A 101-year-old steam locomotive will be enjoyed by the public for the first time in more than 50 years, thanks to a team of volunteers which have brought it back to full working order.
Planning Minister Richard Wynne and Heritage Victoria Executive Director Tim Smith were at the Newport Railway Workshops in Melbourne’s west on Friday to see the locomotive in full steam ahead of the Steamrail Victoria open weekend.
The restored A2 986 locomotive was built in 1915, ferrying passengers until 1963 when it was withdrawn from service and later retired to a park in Warragul.
In 1986, Steamrail Victoria volunteers brought the A2 back to its Newport workshops home and, 30 years later, it is now the only working engine of its type.
The A2 will be one of 13 locomotives on display this long weekend, including the first and last locomotives ever to be built at the Newport rail yards in 1893 and 1959.
Polly, the first train built at Newport, is on loan from Scienceworks for the event and will feature alongside the Ballarat-built Y112, the oldest working steam engine in Australia.

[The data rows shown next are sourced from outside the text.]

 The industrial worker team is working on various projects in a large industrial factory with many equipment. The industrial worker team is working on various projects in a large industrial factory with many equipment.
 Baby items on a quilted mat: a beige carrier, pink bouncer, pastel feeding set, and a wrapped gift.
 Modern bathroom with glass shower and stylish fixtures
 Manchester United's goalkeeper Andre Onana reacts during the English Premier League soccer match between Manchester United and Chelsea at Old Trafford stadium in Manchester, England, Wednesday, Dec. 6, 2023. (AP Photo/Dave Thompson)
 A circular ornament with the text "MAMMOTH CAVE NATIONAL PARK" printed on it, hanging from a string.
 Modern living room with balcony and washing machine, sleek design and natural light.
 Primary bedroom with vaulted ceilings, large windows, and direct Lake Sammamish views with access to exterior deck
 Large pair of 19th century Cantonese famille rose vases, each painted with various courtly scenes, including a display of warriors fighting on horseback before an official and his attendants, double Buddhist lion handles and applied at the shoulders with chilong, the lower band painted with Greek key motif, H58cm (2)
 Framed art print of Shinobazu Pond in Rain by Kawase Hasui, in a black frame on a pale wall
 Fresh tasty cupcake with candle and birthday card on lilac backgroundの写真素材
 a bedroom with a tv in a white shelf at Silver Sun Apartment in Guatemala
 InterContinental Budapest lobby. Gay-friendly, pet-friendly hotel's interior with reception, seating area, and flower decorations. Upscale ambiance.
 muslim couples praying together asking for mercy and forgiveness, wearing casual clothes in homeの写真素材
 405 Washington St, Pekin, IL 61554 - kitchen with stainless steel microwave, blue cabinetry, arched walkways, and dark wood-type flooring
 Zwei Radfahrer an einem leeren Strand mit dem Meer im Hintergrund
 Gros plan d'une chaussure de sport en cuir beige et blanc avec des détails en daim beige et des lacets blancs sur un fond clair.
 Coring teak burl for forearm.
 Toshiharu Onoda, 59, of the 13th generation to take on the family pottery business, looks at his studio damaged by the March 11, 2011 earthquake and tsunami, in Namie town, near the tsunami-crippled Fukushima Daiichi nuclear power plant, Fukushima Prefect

Other displays will include the 113-year-old Victorian Railway Commissioner’s locomotive, and sleeping carriages from the Southern Aurora, the Overland and the 1910 Adelaide Express.
Throughout the year, Steamrail Victoria run locomotive trips around the Melbourne suburban lines and the VLine network and open the workshops every two years to the public.
The Newport Railway Workshops, built from 1888, are listed on the Victorian Heritage register for their historic, scientific and archaeological significance to Victoria.
Built in the style of British railway workshops from the same era, the Newport Railway Workshops are regarded as one of the best intact 19th century rail workshops in the world.
Quotes attributable to Minister for Planning Richard Wynne
“It is extraordinary to think the A2 locomotive spent 20 years dormant in a park, but that is where it would still be if it was not for 30 years’ worth of volunteer effort.”
“The work which goes into these old engines means they can haul tourist trains across the state, offering children the chance to experience steam travel.”
“The rolling stock on display at the Newport Railway Workshops are a reminder of how significant the railways were to Victoria’s industrial and manufacturing industries.”